Ah, the Christmas tree conundrum. Fake or real? It’s quite a controversial issue; let’s face it – it has the potential to tear families apart. An artificial tree saves time and money and provides a pleasantly symmetrical vision of Christmas, but a real tree smells better and is arguably a means of making warmer memories, what with all that hunting for the perfectly imperfect specimen and awkward stringing of lights. It may be best to leave emotions and preferences aside and look at the choice from the perspective of sustainability. Because that won’t be controversial at all.
The Pros of the Real Tree
According to the Environmental Protection Agency, about 33 million live Christmas trees are sold in North America yearly. Over the course of their lifetimes, each of those trees absorbed anywhere from 30-400 pounds of carbon dioxide before they were harvested, and recent studies indicate that Christmas trees also absorb methane. For the most part, real Christmas trees are grown and sold in North America (that means jobs here at home) and they can be recycled, mulched or burned for firewood after their jolly purpose is fulfilled.
The Cons of the Real Tree
But real Christmas trees come at a cost.
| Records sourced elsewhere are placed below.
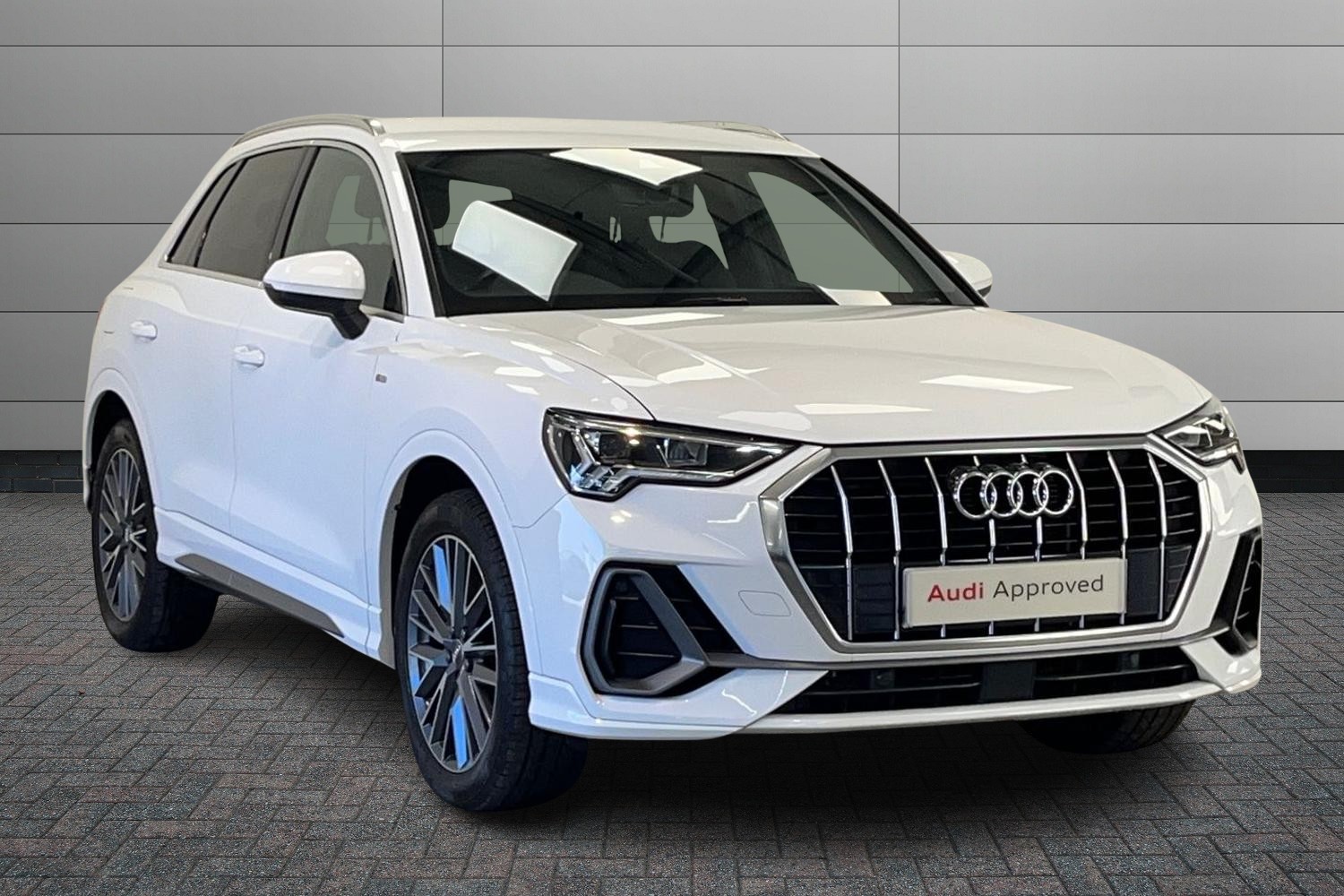 Main listing image - Audi Q3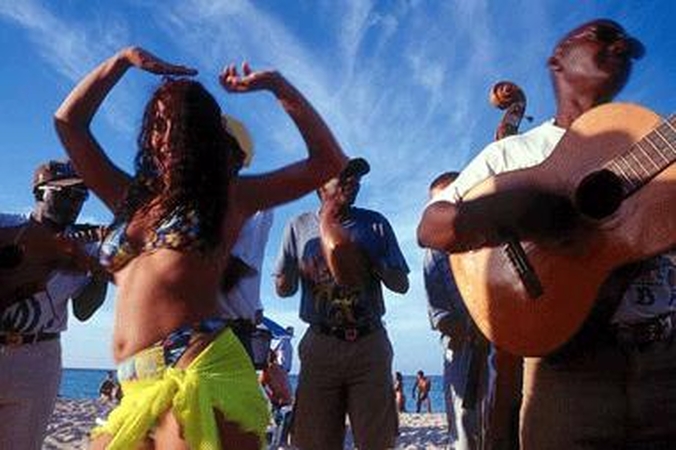 „Tez Tour" bendradarbiaus su „Martinair" 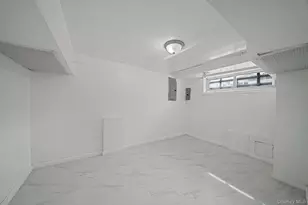 87-03 168th Pl, Jamaica, NY 11432 - Photo 39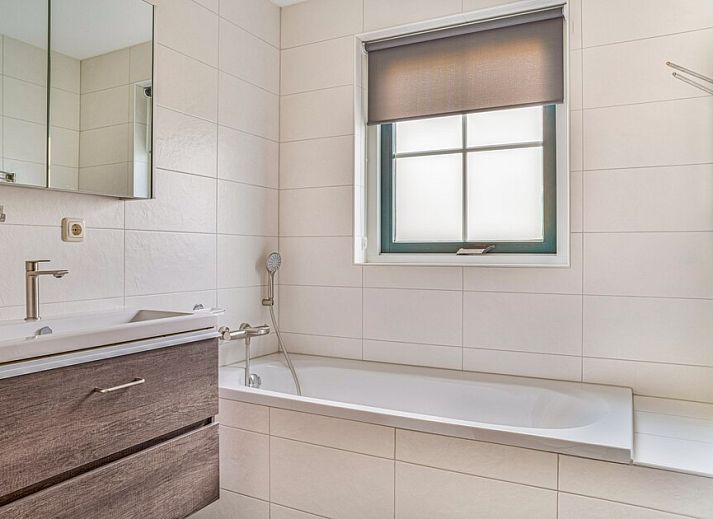 Lichte en ruime woonkamer van Vennenhof Bungalow 6 in Hooghalen, Drenthe met modern interieur en uitzicht op de natuurlijke omgeving.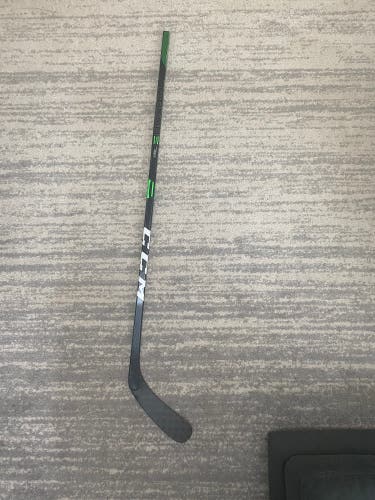 Intermediate Left Hand P29 RibCor 76K Hockey Stick
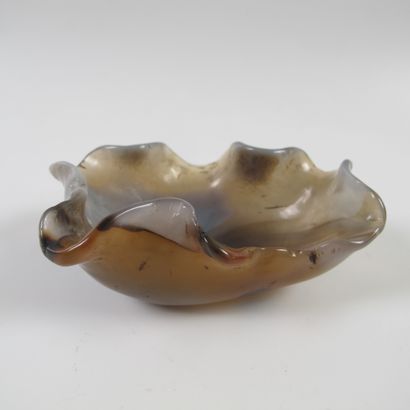 null Brush bottle in the shape of a lotus leaf. Ribboned agate. L 9.5cm. China. 19th...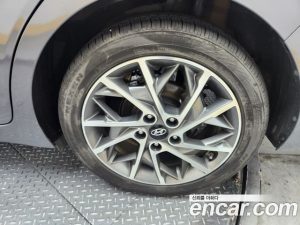 Hyundai AVANTE 1.6 2020 года из Южной Кореи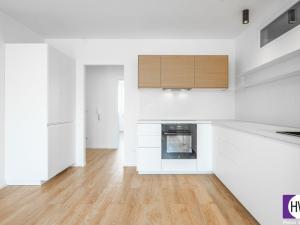 Prodej bytu 4+kk, Praha, Hekrova, 82 m2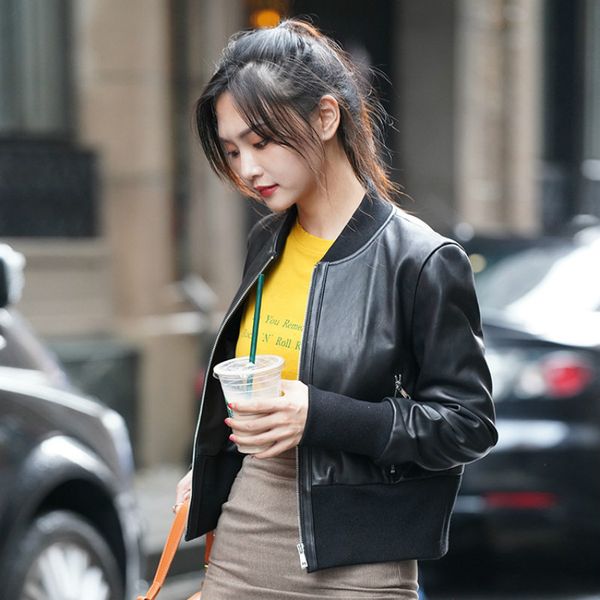 fashion women autumn winter real sheepskin coat female short slim baseball jackets genuine leather jacket a155, Black
fashion women autumn winter real sheepskin coat female short slim baseball jackets genuine leather jacket a155, Black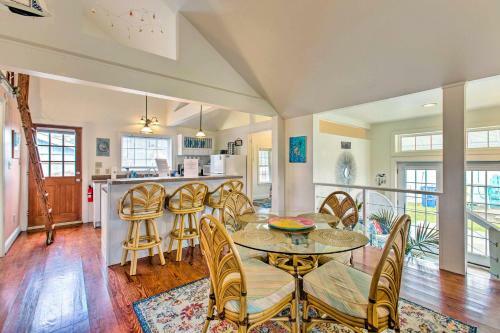Historic Coastal Morehead City Mermaid Cottage!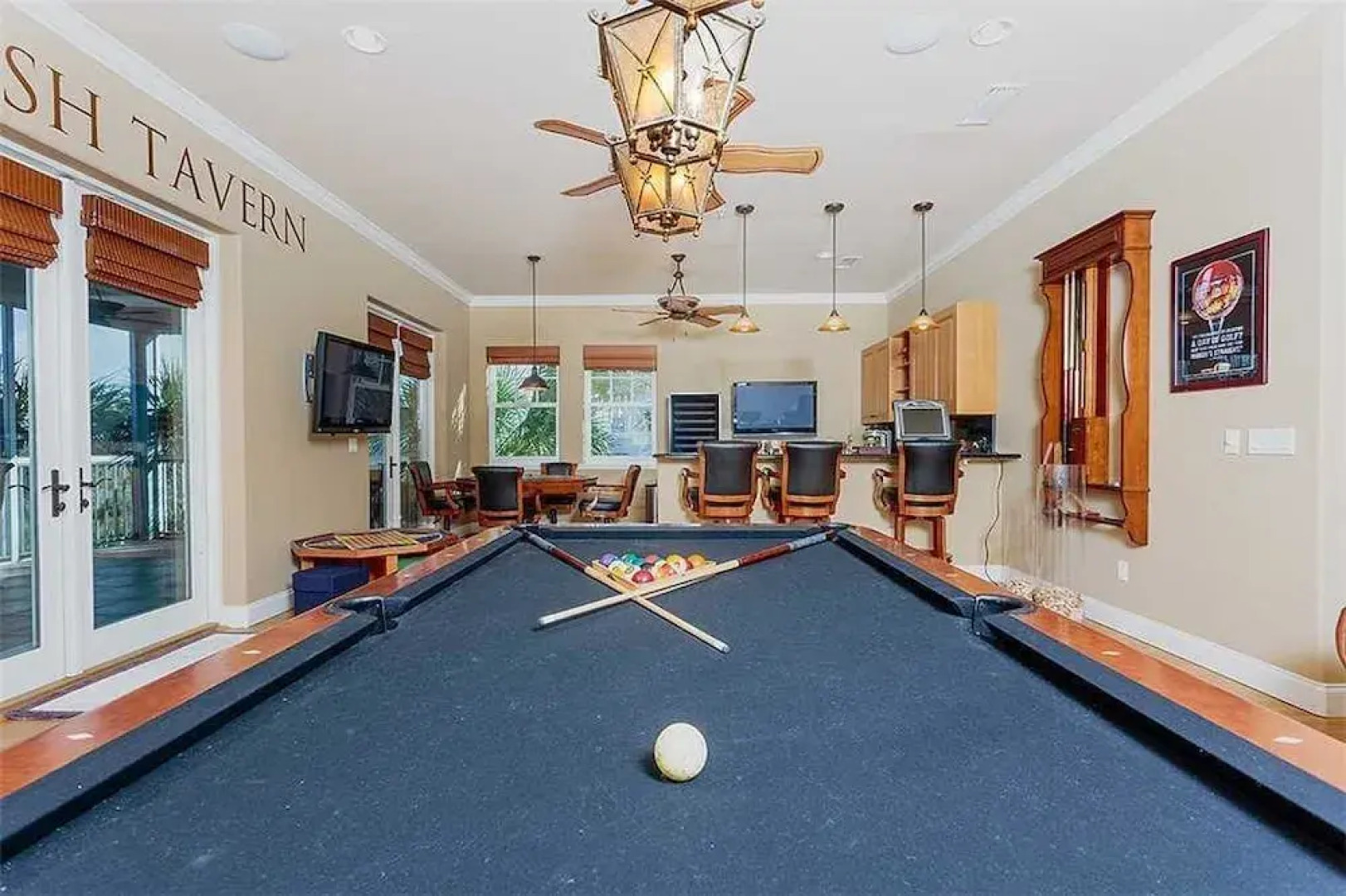 Windsor by the Sea - Five Bedroom Home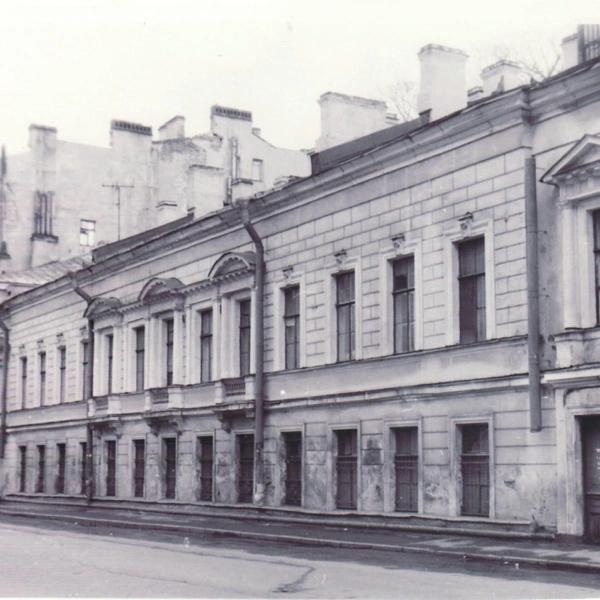 Бассейн на месте котлована. В восстановленном здании Пробирной палаты открылся спортивный центр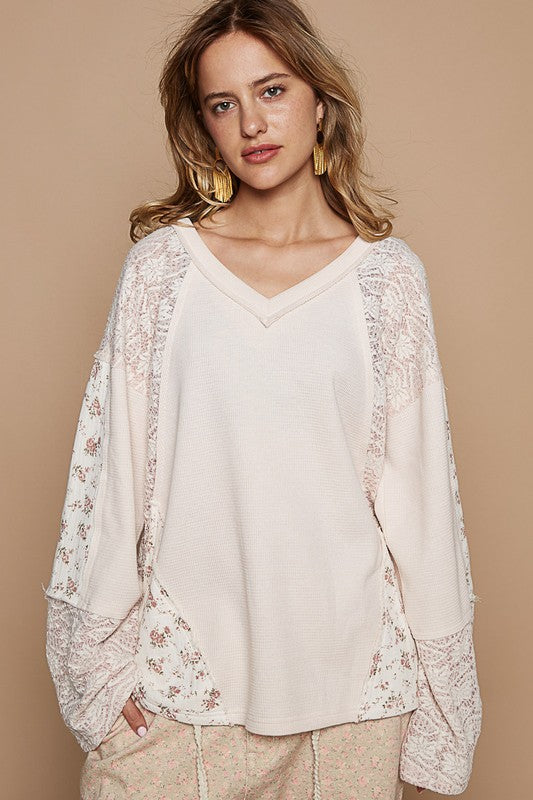 POL Clothing Lace Floral Round Neck Knit Womens Top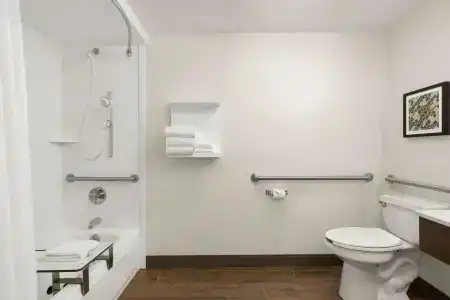 Hampton Inn Portland Airport - 8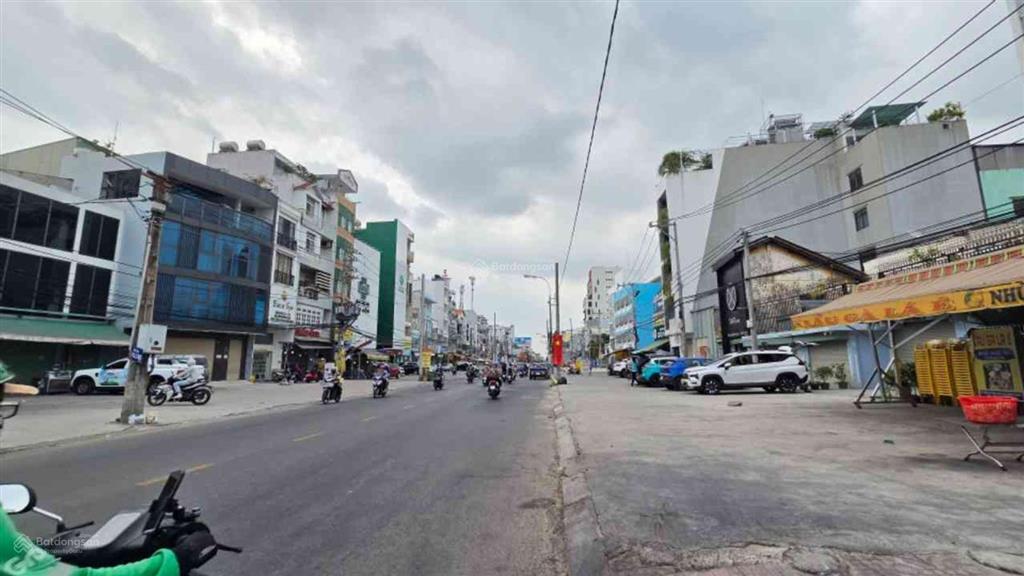 Hiếm ngay ga metro hòa hưng  sát mặt tiền cmt8  3 tầng 54m2  ngang 5m ( nở hậu 7m )  chỉ 8.5 ty
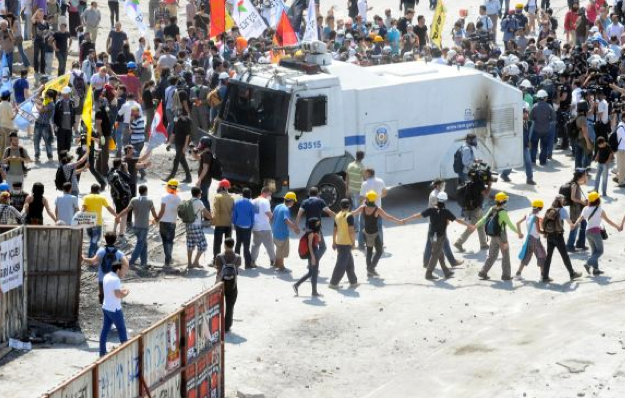 Taksim Meydanı'nda insan zinciri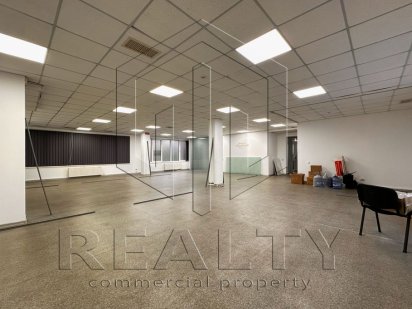 Сдам офис 300 м², Говорова, 2-й этаж, генератор, 10 $/м² Одеса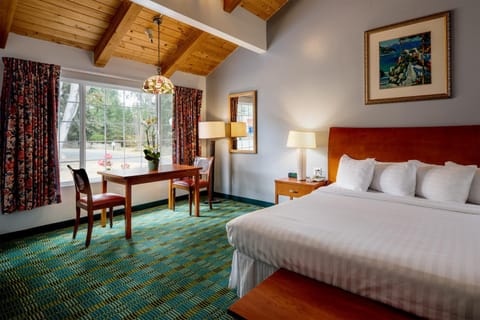 Photo of the whole room, Garden view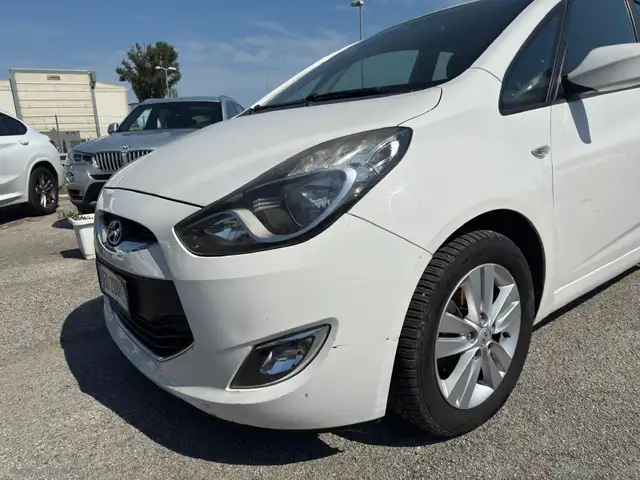 Hyundai Ix20 view 4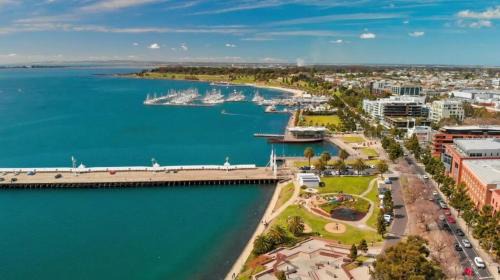 Geelong Apartment | Middle Of Town With Parking!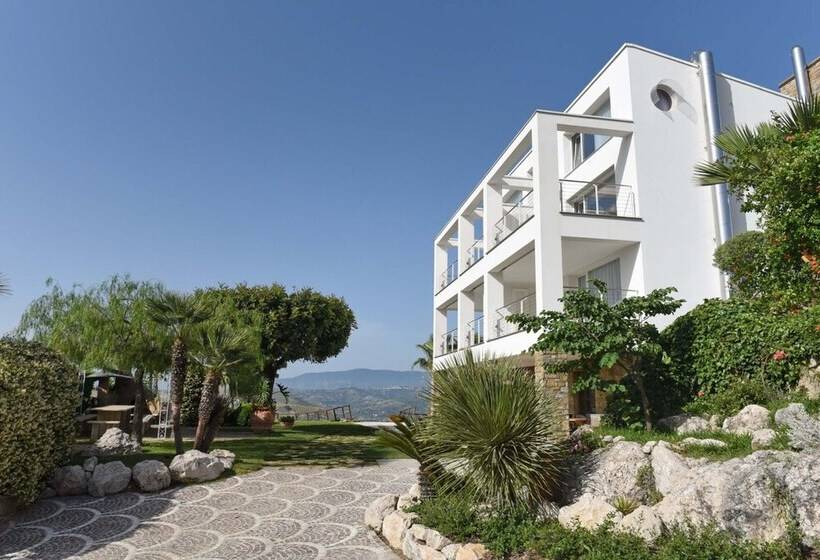 リゾートホテル Torre Difyos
Most are not grown organically, which means pesticides and herbicides run off into the environment and eventually into someone’s body, if not yours or mine; and over the course of tending, processing and transporting those trees to the cozy corners of our living rooms, the amount of carbon dioxide that is emitted into the atmosphere is more than what the tree took out of the atmosphere during its relatively short, prescribed life.